Google Drive (Cloud File Storage) System Design Interview Question
Problem: Design a cloud file storage and sync service like Google Drive, Dropbox, or OneDrive.
Overview
Google Drive, Dropbox, and OneDrive look like file storage but are really sync engines on top of content-addressed blobs. The hard parts are not the upload itself; they are the delta computation that avoids shipping an entire 1 GB file when a user tweaks one paragraph, the multi-device fan-out that makes an edit appear on a phone within a second, and the version history that must be cheap even when a user rewrites the same doc a hundred times. The interview-grade answer splits files into fixed 4 MB blocks, hashes each block with SHA-256, deduplicates across users, and pushes only the block hashes the server has not already seen.
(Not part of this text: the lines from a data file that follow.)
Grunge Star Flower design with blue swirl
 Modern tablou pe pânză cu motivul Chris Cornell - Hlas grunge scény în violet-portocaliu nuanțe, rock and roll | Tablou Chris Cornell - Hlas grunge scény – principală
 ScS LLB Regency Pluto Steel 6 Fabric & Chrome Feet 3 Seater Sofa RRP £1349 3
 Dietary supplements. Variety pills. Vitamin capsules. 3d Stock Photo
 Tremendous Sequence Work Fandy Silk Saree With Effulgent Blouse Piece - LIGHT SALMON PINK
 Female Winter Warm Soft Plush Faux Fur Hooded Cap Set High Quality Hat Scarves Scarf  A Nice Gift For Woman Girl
A notification service keeps every signed-in device in a long-lived connection and broadcasts a 'refresh this file' ping the instant metadata commits. Below we walk the upload pipeline, the metadata model, and the sync-delta contract that ties everything together.
Summary
A sync-centric file-storage service built around content-addressed block storage. Per the book's final design, the upload path fans into three asynchronous flows: (1) the block server splits the file into 4 MB blocks, compresses + encrypts them, and uploads only the blocks whose SHA-256 hash isn't already present (delta sync + dedup); (2) the metadata service writes the new file row / chunk manifest to the metadata DB (with a Redis metadata cache in front of it); (3) the notification service pushes the change to every other device the user is signed into so sync happens in seconds. Storage is optimized by (a) block-level deduplication across users, (b) a cold-storage / offline-backup tier for old versions and rarely-accessed blocks, and (c) version-history limits (keep N recent versions, or time-based retention) so a single user's 100 rewrites of the same doc don't blow up storage forever.
Requirements
Functional
- Upload, download, rename, move, and delete files and folders
- Version history: fetch and restore any previous revision
- Multi-device sync within seconds of a commit
- Delta / changes-since-revision API for sync clients
- Sharing with per-user or per-link ACLs and collaborative edits
- Full-text and filename search across the user's corpus
- Offline edits that reconcile on reconnect
Non-functional
- 99.99% availability for metadata reads and writes
- Durability 11 nines for file blocks
- P99 sync notification delivery under 1 second
- Block-level dedup yielding at least 30% storage savings
- Scale to 100M DAU, 3 devices per user, 1 PB/day ingress
- Strong read-after-write consistency inside a single user's namespace
Capacity Assumptions
- 100M DAU, 10 file operations/user/day → 1B ops/day, ~70% reads / 30% writes
- Average file 1 MB, P99 file 1 GB; block size = 4 MB (fixed)
- 50B files lifetime, ~10 PB raw, but dedup ratio ~30% → ~7 PB physical after dedup
- Version history retention: last 10 versions OR 30 days, whichever is smaller — older versions drop to cold storage
- Cross-device sync: avg 3 devices per active user — notification service fans out on every commit
- Collaborative edits: ~1% of files shared, avg 3 collaborators
- Search index over filename + OCR'd content for ~5B files
Back-of-Envelope Estimates
- Write QPS: 300M writes/day / 86400 ≈ 3.5K QPS (peak 10K)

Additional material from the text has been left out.